**Input data:**
_ _ _ _ _

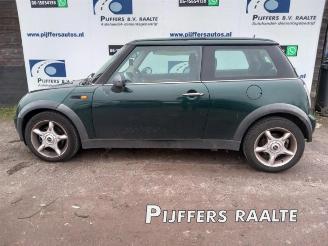 Coche siniestrado Mini Mini  2002/4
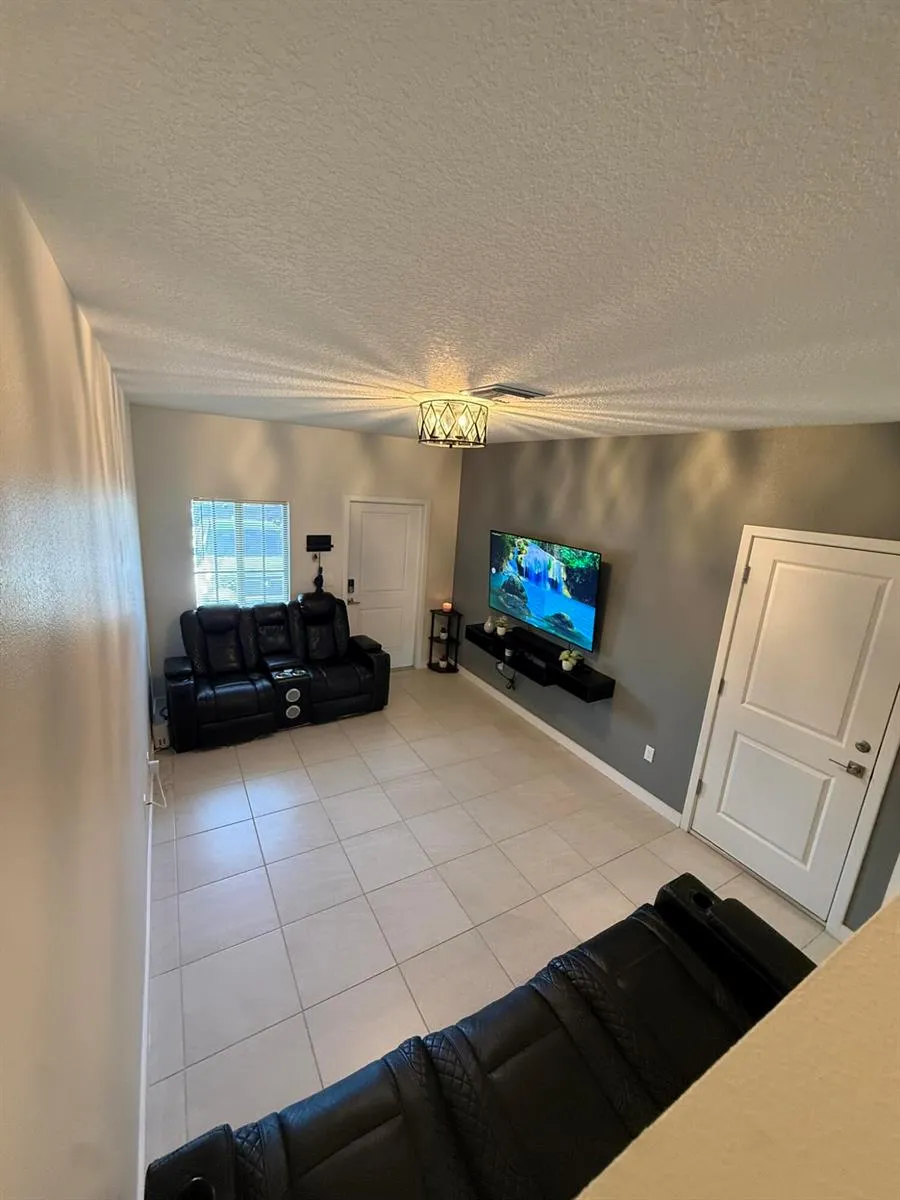 5012 Elderberry Street Haverhill, FL 33415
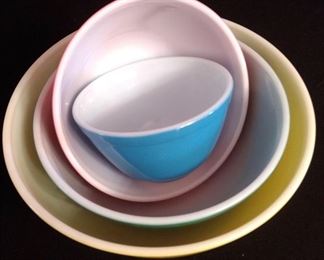Vintage Pyrex primary colors nesting bowls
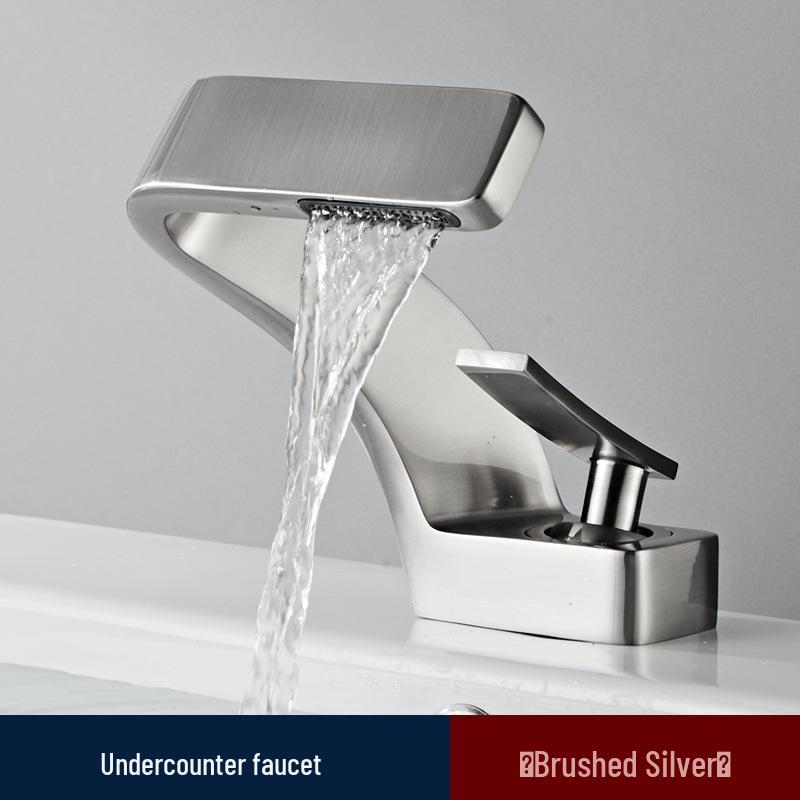Rubinetto Ottone a Cascata Dorata – Lavabo Lusso a Foro Singolo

_ _ _ _ _

**What the task asks:**
Would you reproduce the listing above exactly, without any of its images?

**Problem solution:**
 Coche siniestrado Mini Mini  2002/4
 5012 Elderberry Street Haverhill, FL 33415
Vintage Pyrex primary colors nesting bowls
Rubinetto Ottone a Cascata Dorata – Lavabo Lusso a Foro Singolo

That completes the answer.